There's typically no need to use a VPN when accessing an HTTPS website, as
the SSL/TLS already provides most of the privacy that a VPN would supply.
The extra that the VPN gives you in this case is to hide which websites
you're visiting. So the data is protected in both instances, but the VPN
also hides the connection metadata. So if you use just SSL/TLS then your
ISP can deduce which bank you have an account with. If you use the VPN as
well, then cant even tell that.

There are issues with SSL/TLS that could allow someone in the path between
you and the bank to decrypt your traffic, and if they can do that they
would be able to log into your account if the bank uses simple
password/passphrase style auth. The two main SSL/TLS issues are;
1. Improperly issued certificates
2. Older/weaker crypto

The trust system around certificates can be summarised as "you trust any
certificate as much as you trust the least trustworthy certificate
authority in your trusted certificate store". Your browser ships with many
CA certificates in its trusted certificate store. Any of these CAs can
issue cryptographically valid certificates for any domain. So, if I manage
to fool a CA that I am bigbank.com then i can buy a certificate to
bigbank.com. Or, I can just find a staff member of a CA in a very poor
country and offer them a big bag of sweet cash to have them issue the
certificate for me. Certificate pinning reduces this exposure significantly
so use a browser that supports it like chrome or firefox.

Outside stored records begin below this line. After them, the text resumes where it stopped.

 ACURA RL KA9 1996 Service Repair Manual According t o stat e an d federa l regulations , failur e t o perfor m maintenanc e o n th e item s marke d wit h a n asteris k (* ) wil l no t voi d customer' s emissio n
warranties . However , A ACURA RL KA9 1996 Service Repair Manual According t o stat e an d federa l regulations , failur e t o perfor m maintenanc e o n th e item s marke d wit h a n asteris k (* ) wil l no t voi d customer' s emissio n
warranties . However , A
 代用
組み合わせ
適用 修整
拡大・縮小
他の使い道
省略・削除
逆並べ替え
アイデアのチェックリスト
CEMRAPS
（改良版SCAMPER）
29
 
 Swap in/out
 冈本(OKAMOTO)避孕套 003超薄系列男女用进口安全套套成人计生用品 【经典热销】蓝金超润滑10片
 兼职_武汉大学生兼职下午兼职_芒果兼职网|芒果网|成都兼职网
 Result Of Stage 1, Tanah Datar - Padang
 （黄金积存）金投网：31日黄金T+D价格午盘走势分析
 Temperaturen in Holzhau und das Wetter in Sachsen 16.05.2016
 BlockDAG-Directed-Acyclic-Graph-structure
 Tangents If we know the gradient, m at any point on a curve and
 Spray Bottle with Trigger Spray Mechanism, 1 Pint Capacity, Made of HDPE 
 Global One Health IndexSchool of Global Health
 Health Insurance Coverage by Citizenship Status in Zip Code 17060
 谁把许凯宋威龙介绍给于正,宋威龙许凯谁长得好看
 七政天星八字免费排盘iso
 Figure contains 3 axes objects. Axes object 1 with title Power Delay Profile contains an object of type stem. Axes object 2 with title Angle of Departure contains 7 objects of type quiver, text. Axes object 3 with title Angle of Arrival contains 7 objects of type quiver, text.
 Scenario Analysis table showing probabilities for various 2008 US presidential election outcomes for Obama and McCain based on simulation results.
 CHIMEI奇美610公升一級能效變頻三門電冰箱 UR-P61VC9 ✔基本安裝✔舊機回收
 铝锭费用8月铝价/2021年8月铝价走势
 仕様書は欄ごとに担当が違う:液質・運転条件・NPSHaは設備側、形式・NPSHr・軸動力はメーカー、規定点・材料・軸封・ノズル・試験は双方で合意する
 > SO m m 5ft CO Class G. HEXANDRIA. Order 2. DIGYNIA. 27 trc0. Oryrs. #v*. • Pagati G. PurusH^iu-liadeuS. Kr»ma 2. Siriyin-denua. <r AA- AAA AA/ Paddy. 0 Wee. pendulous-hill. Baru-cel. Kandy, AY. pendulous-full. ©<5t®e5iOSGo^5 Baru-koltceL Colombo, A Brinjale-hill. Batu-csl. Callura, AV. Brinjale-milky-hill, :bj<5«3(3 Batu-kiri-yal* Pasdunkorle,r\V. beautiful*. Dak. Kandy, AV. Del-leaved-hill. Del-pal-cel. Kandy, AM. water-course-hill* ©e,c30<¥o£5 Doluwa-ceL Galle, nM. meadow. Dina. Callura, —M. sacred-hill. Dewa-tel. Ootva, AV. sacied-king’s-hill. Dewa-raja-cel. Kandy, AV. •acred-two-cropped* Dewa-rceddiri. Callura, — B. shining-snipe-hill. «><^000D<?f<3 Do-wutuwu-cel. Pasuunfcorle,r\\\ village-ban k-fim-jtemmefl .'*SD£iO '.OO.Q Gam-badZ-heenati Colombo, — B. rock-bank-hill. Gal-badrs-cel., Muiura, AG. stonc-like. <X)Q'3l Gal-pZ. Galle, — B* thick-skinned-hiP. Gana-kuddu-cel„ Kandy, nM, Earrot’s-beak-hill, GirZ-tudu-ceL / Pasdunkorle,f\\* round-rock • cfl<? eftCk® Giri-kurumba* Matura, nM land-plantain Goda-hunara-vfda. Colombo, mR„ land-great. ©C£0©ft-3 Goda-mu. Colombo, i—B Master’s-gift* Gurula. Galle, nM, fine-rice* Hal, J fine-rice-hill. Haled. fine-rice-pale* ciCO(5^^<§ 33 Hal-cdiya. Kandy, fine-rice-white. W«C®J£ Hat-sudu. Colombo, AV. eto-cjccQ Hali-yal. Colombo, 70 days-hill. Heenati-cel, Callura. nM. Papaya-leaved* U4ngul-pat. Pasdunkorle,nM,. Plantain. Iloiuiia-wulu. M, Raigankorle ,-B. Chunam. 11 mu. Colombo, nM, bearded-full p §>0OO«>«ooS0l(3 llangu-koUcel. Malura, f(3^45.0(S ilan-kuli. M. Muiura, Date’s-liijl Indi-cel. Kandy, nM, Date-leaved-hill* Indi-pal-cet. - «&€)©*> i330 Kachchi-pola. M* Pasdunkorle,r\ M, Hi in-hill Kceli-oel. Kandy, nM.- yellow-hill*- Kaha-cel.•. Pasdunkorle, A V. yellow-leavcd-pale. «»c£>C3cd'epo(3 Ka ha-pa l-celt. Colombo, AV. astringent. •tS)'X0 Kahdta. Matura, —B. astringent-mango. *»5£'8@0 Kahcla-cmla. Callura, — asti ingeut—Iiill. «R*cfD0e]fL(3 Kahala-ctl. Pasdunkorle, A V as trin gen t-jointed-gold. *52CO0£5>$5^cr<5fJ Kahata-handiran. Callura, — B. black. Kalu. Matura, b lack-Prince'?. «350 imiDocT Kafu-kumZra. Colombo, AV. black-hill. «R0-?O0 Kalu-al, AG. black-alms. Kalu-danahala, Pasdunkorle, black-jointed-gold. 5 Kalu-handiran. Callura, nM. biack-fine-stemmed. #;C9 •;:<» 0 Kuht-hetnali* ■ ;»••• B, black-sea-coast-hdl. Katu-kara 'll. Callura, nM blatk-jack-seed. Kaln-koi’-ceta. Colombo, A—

Weak crypto? Turn off all SSL, TLS 1.0 and 1.1 in the browser, and disable
RC4 crypto. That might block you out of some sites with weak crypto that
you may still want to use. Assuming your bank has good crypto, use chrome
or firefox with the weak crypto disabled for your banking, and another
browser for everything else.

This is something I been wondering about and I've seen a few posts here
> that bump around the edges of this question.  As most here know, I use
> Gentoo.  It's a older install but I keep it up to date.  I sit behind a
> DSL modem, a older Westell one, and a Linksys router, the old blue nosed
> one.  Neither modem or router has wireless stuff included.  Is that
> hardware and my Gentoo install pretty secure for most hackers?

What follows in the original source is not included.